**PROMPT:**
All entries are to be returned verbatim.

---------- EXERCISE DATA

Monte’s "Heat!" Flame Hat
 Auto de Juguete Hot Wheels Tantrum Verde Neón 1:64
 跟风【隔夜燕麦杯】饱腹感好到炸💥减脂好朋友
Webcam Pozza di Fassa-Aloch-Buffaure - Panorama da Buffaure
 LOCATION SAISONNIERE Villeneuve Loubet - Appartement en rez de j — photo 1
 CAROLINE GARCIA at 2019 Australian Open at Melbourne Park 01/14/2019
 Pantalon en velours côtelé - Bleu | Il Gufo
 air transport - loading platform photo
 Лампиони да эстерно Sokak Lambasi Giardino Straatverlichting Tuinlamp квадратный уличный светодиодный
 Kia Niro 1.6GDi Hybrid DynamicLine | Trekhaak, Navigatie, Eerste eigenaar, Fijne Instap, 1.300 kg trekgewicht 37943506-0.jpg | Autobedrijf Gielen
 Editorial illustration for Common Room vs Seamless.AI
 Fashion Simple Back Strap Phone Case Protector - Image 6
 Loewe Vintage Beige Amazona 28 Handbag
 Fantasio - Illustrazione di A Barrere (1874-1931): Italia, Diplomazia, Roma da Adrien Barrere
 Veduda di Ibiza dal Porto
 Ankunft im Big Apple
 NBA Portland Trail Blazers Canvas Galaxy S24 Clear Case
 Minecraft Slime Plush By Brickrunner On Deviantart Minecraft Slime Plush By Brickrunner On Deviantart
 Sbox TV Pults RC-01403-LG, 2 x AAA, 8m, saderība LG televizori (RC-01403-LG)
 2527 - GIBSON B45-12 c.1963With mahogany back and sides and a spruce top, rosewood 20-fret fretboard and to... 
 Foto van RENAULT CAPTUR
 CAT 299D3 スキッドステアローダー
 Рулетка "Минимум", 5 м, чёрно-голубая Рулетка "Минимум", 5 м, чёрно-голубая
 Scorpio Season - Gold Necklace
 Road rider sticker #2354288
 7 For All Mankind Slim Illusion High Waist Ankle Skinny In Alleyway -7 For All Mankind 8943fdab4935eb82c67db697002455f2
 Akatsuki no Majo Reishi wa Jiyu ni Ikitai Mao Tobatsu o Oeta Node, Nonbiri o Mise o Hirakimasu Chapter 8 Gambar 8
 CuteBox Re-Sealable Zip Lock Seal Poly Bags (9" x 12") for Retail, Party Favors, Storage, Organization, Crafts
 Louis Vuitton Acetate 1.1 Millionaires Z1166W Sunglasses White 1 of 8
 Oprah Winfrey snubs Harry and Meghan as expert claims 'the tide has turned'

--------------------

**WRITTEN SOLUTION:**
Monte’s "Heat!" Flame Hat
 Auto de Juguete Hot Wheels Tantrum Verde Neón 1:64
 跟风【隔夜燕麦杯】饱腹感好到炸💥减脂好朋友
Webcam Pozza di Fassa-Aloch-Buffaure - Panorama da Buffaure
 LOCATION SAISONNIERE Villeneuve Loubet - Appartement en rez de j — photo 1
 CAROLINE GARCIA at 2019 Australian Open at Melbourne Park 01/14/2019
 Pantalon en velours côtelé - Bleu | Il Gufo
 air transport - loading platform photo
 Лампиони да эстерно Sokak Lambasi Giardino Straatverlichting Tuinlamp квадратный уличный светодиодный
 Kia Niro 1.6GDi Hybrid DynamicLine | Trekhaak, Navigatie, Eerste eigenaar, Fijne Instap, 1.300 kg trekgewicht 37943506-0.jpg | Autobedrijf Gielen
 Editorial illustration for Common Room vs Seamless.AI
 Fashion Simple Back Strap Phone Case Protector - Image 6
 Loewe Vintage Beige Amazona 28 Handbag
 Fantasio - Illustrazione di A Barrere (1874-1931): Italia, Diplomazia, Roma da Adrien Barrere
 Veduda di Ibiza dal Porto
 Ankunft im Big Apple
 NBA Portland Trail Blazers Canvas Galaxy S24 Clear Case
 Minecraft Slime Plush By Brickrunner On Deviantart Minecraft Slime Plush By Brickrunner On Deviantart
 Sbox TV Pults RC-01403-LG, 2 x AAA, 8m, saderība LG televizori (RC-01403-LG)
 2527 - GIBSON B45-12 c.1963With mahogany back and sides and a spruce top, rosewood 20-fret fretboard and to... 
 Foto van RENAULT CAPTUR
 CAT 299D3 スキッドステアローダー
 Рулетка "Минимум", 5 м, чёрно-голубая Рулетка "Минимум", 5 м, чёрно-голубая
 Scorpio Season - Gold Necklace
 Road rider sticker #2354288
 7 For All Mankind Slim Illusion High Waist Ankle Skinny In Alleyway -7 For All Mankind 8943fdab4935eb82c67db697002455f2
 Akatsuki no Majo Reishi wa Jiyu ni Ikitai Mao Tobatsu o Oeta Node, Nonbiri o Mise o Hirakimasu Chapter 8 Gambar 8
 CuteBox Re-Sealable Zip Lock Seal Poly Bags (9" x 12") for Retail, Party Favors, Storage, Organization, Crafts
 Louis Vuitton Acetate 1.1 Millionaires Z1166W Sunglasses White 1 of 8
 Oprah Winfrey snubs Harry and Meghan as expert claims 'the tide has turned'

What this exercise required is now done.